Dear Editor,
If a public official managed their own bank account the way they are currently managing yours, they would be bankrupt within a week. But in the world of Guyanese high finance, common sense is often sacrificed at the altar of “private sector encouragement.” The recent announcement that the Government is “finalizing” the acquisition of the Berbice River Bridge is not a victory for the taxpayer—it is a calculated move that turns a legal gift into a multi-billion dollar giveaway.
To understand the magnitude of this giveaway we must look at the math in layman’s terms. The Berbice Bridge was built as a “Build-Own-Operate-Transfer” (BOOT) project. This is a simple legal contract: private investors get to run the bridge and collect tolls for 21 years to make back their money plus profit. At the end of that term—which for this bridge is roughly 2027/2028—the law mandates that the bridge be handed over to the people of Guyana for the symbolic price of one dollar.
Instead of waiting just a year and a few months to pick up the keys for the price of a local soda, the Government has engineered a “crisis” to justify a massive payout today.
The complicity of the State in fueling this giveaway follows a cynical, three-step playbook:
• The artificial debt: In August 2025, the Government declared the bridge “toll-free.” While this sounds like relief, it was actually a financial trap. The private owners didn’t lose their right to revenue; the Government simply agreed to pay the private company every single cent of those tolls out of the public purse.
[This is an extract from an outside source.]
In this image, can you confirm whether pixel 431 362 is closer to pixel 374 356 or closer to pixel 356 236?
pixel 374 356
• The budget balloon: By removing tolls, the Government ballooned the bridge maintenance and subsidy allocation from a modest $175 million in 2025 to a staggering $1.342 billion in the 2026 budget. They created an “undue burden” on the treasury by their own hand, then used that very burden as the excuse to say, “We must buy the bridge now to stop paying these high subsidies!”
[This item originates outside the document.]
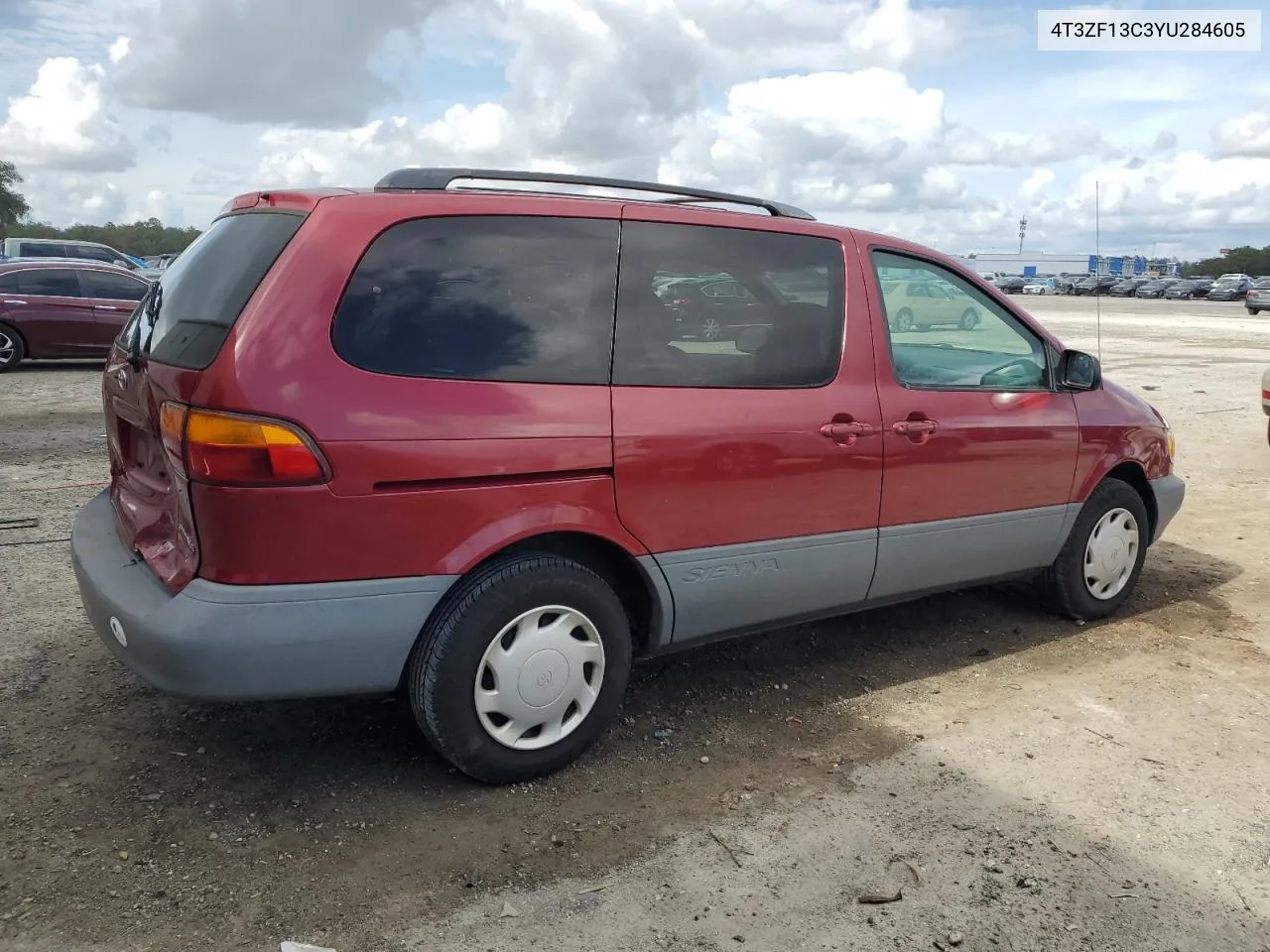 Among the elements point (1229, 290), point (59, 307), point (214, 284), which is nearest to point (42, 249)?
point (59, 307)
• The obsolete asset: Adding insult to injury, the State is already negotiating a $260 million USD contract for a new, high-span bridge to replace the current structure. We are being asked to buy a car that is about to be scrapped, from a dealer who was legally obligated to give it to us for free next year anyway.
So, who are we paying? While Minister Edghill remains “tight-lipped” on the exact final figure, the scale is evident: the 2026 budget has already set aside $12.2 billion for “bridge works,” a portion of which is fueling this acquisition. We are paying a handpicked group of private “partners” who have spent years being protected while the public’s money—invested through the National Insurance Scheme (NIS)—took the brunt of the risk.
The list of beneficiaries remains the same “merry” circle: New GPC and Queens Atlantic Investment Inc. (controlled by Dr. Bobby Ramroop), Secure International Finance (Beharry Group), and Hand-in-Hand Insurance.
The most jarring part of this “creative” construct is the fate of the NIS. While the government claims the NIS has received returns on its $2.5 billion investment, the scheme itself continues to operate at a massive deficit—standing at roughly $2.5 billion in the red. Contributors are told there is “no money” for significant benefit increases, yet billions can be found to ensure private investors walk away “smiling to the bank” before their concession expires.
The question remains: If these public officials were handling their own retirement funds or their children’s inheritance, would they ever pay a multi-billion dollar premium for something they would legally own for $1 dollar in twelve months? The answer is a resounding no. This is not “prudence.” This is the deliberate picking of the small man’s pocket to ensure the elite are carried to the finish line on the backs of the Guyanese taxpayer.
“After all, what was sold a mere six months ago as toll-free crossings for citizens, ironically is now being served up as their final bill.”